In 2017, Superior Court Judge W. Edwin Spainhour said the defendants could no longer use the Racial Justice Act because it had been repealed.
Friday's 4-3 ruling, with the majority opinion written by Chief Justice Cheri Beasley, overturns Spainhour.
Beasley said Robinson's constitutional right against double jeopardy was violated when his death sentence was re-imposed in 2016. Once a death penalty is canceled, she said, court precedents say it cannot be put back on a defendant.
She said Robinson's sentence should be life in prison without parole as specified when the Racial Justice Act was enacted in 2009.
Friday’s decision could allow the other 3 Racial Justice Act defendants to also come off death row, said Associate Justice Paul Newby in a pointed dissent.
Newby contends that Beasley misapplied precedent and law in her arguments that double jeopardy applied to Robinson’s death sentence.
Source: Fayetteville Observer, Staff, August 15, 2020
NC death row inmate to serve life in prison, court rules
A man on death row in North Carolina will soon have his sentence reduced to life without parole, the state Supreme Court ruled on Friday.

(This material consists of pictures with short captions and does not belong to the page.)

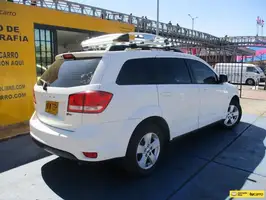 2014  Dodge Unknown - Image 33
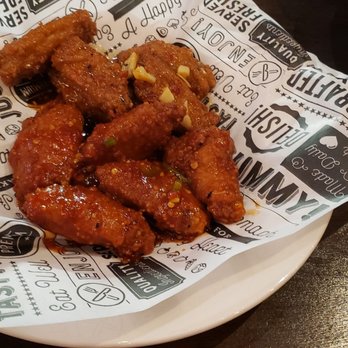 Iron Pot - Korean Near Me - Kent, Washington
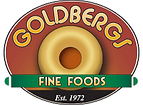 Goldbergs_LOGO-for-web.png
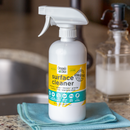 All Purpose Surface Cleaner + Refill Options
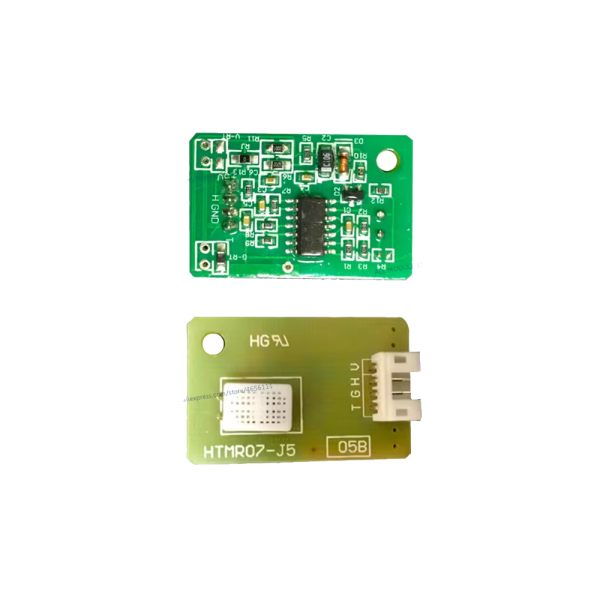 Temperature & Humidity Sensor Module HP LaserJet MFP M436n (HSU-07F1V1)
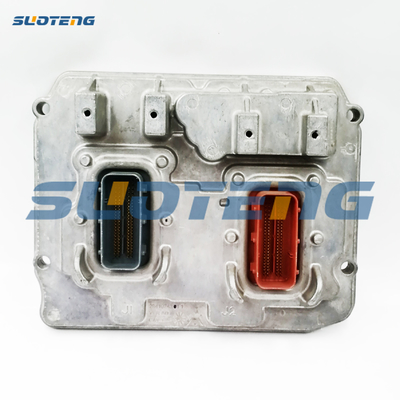 5317106 Kontroler Modul Kontrol Mesin ECM untuk Mesin ISX15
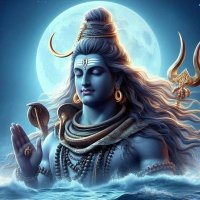 Ankita choudhary (@ankitachou33329) 's Twitter Profile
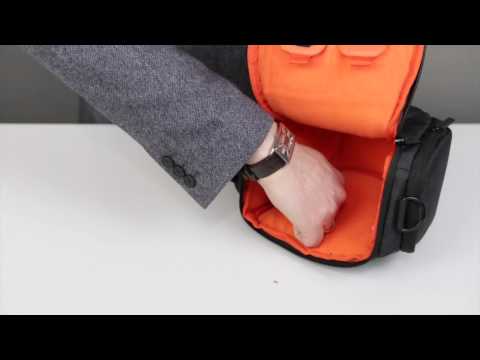 Matin Astro 10/20/30 Kameratasche - by www.enjoyyourcamera.com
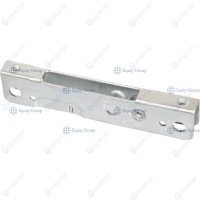 КРЕПЛЕНИЕ ПЕТЛИ ДВЕРИ ДЛЯ ПЕЧИ APACH SUPERIOR XL 5P100080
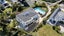 7 Island View Terrace, Cockle Bay, Auckland - Carousel 47
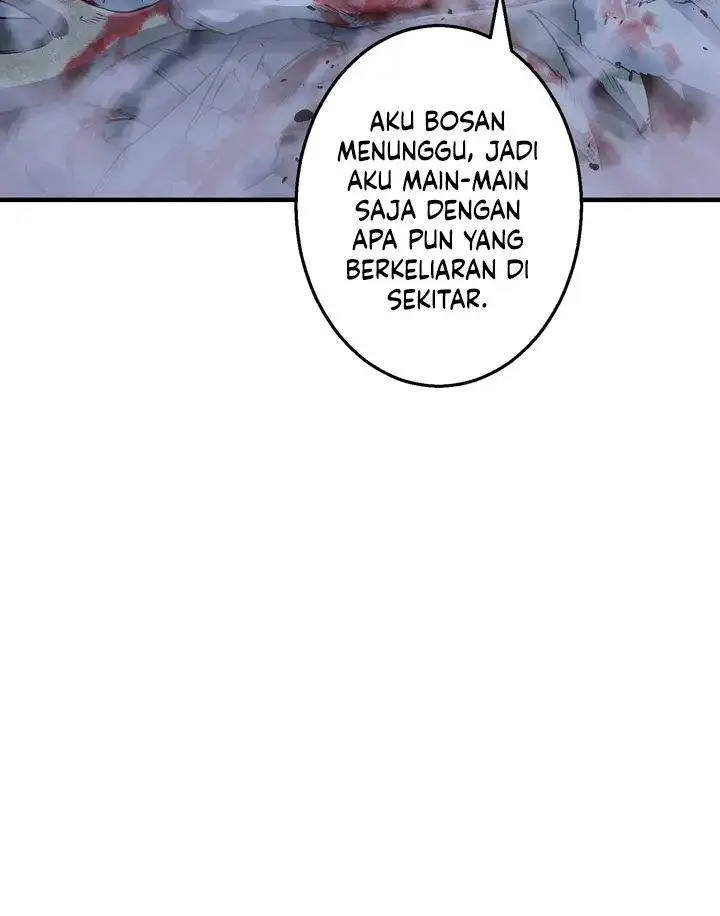 image-komik-the-samurai-of-the-divine-shadow-dominates-at-the-academy-chapter-20-1/18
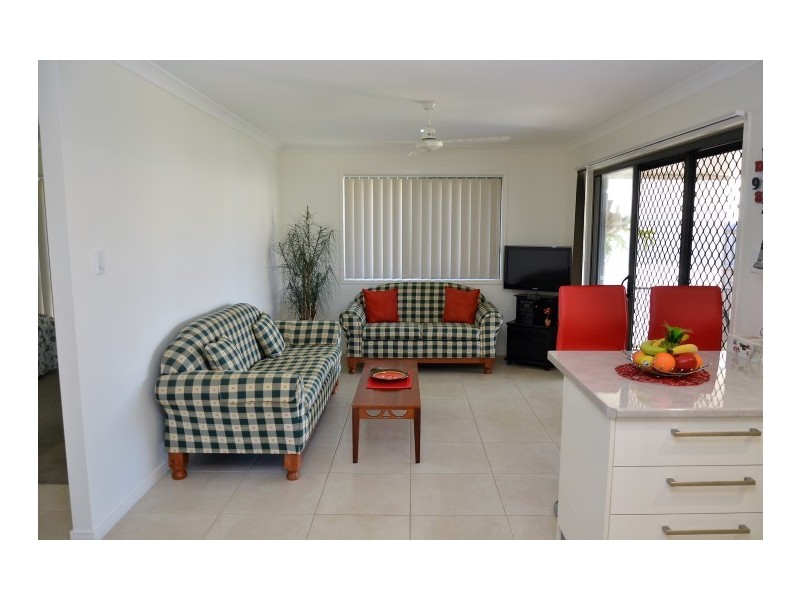 41 Pantlins Lane, Urraween QLD 4655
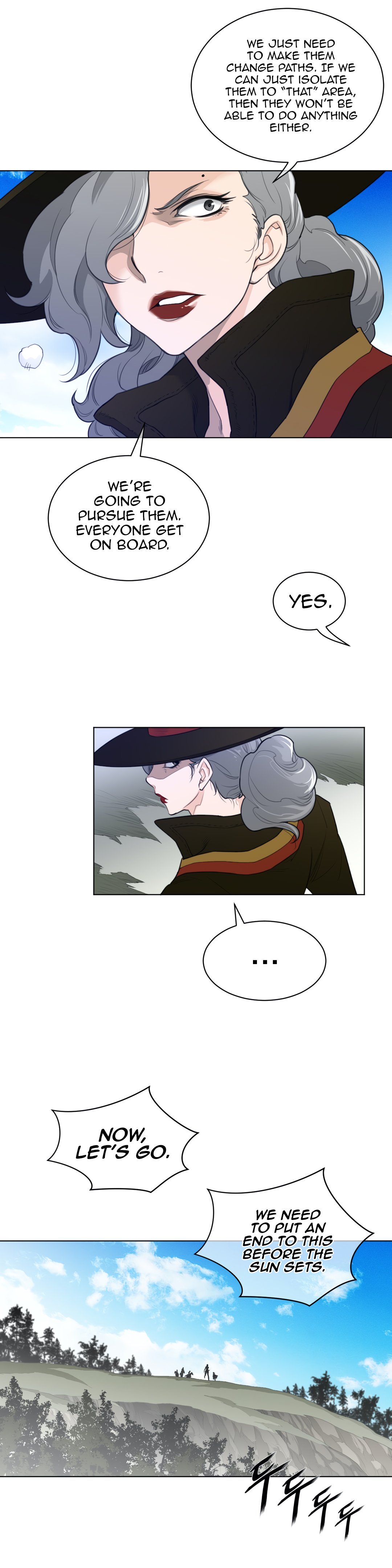 Perfect Half chapter 91 page 24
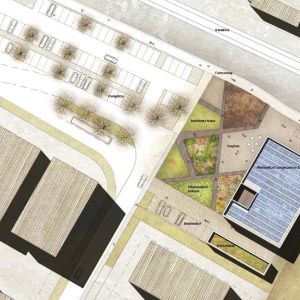 nabu-i_lageplan_02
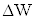 95 6 22 12
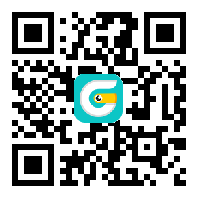 修罗王扫码下载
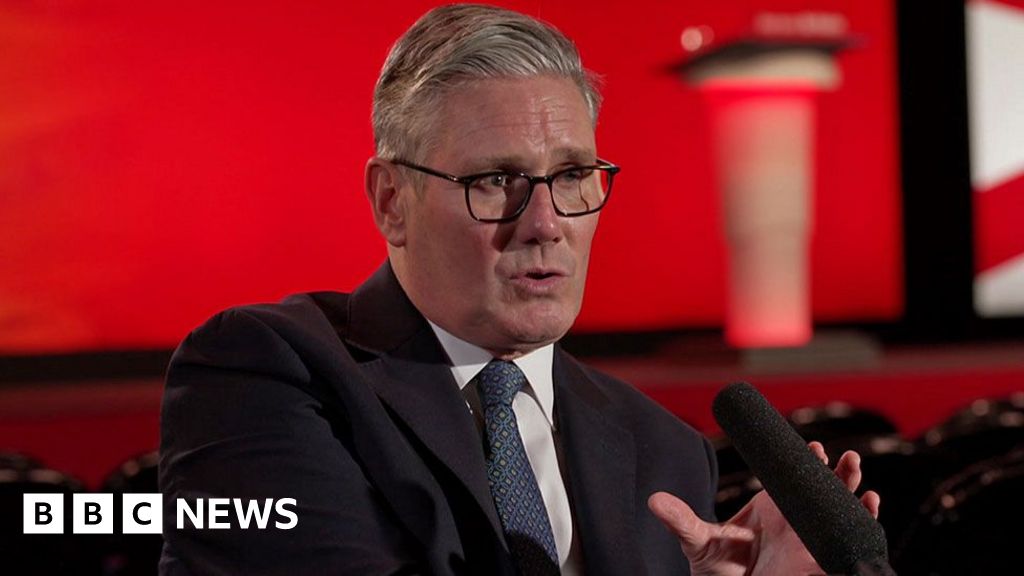 PM wants to change how international law is used in asylum cases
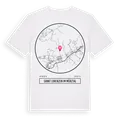 Sankt Lorenzen im Mürztal t-shirt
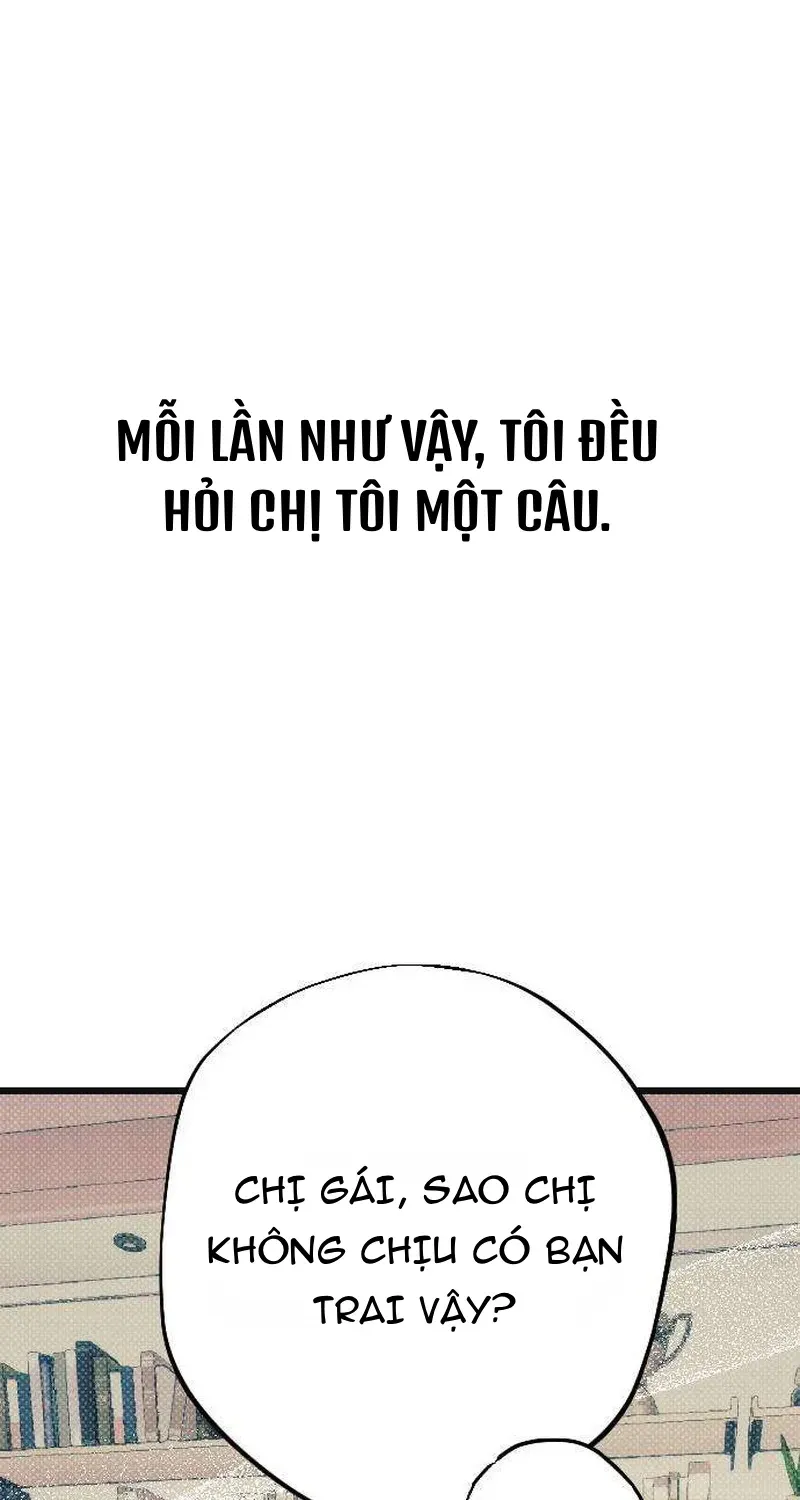 Chapter 4 - Trang 8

Marcus Robinson is 1 of 4 inmates to initially get death penalty sentences reduced using the legal process outlined in the now-defunct Racial Justice Act.
The 2009 law allowed death row inmates to receive life without parole if they could prove through an appeals process that racial bias was the reason or a significant factor for their death sentence. The North Carolina General Assembly amended the Racial Justice Act in 2012 and then repealed the law the following year.
The Supreme Court ruled earlier this summer that the repeal of the law cannot be applied retroactively. This paves the way for more than 100 death row inmates to get the relief they sought while the 2009 law was in place.
In a dissenting opinion, Senior Associate Justice Paul Newby argued that the narrow 4—3 ruling in Robinson's favor could soon apply to Quintel Augustine, Christina Walters and Tilmon Golphin, all of whom have pending cases with the state Supreme Court.
“This Court’s decision today would seem to control the outcome of these cases as well,” Newby wrote.
Cassandra Stubbs, who represented Robinson and serves as director of the American Civil Liberties Union's Capital Punishment Project, called the court's decision “a strong condemnation of racial bias in capital cases” and praised the majority of justices who decided to reduce Robinson's sentence.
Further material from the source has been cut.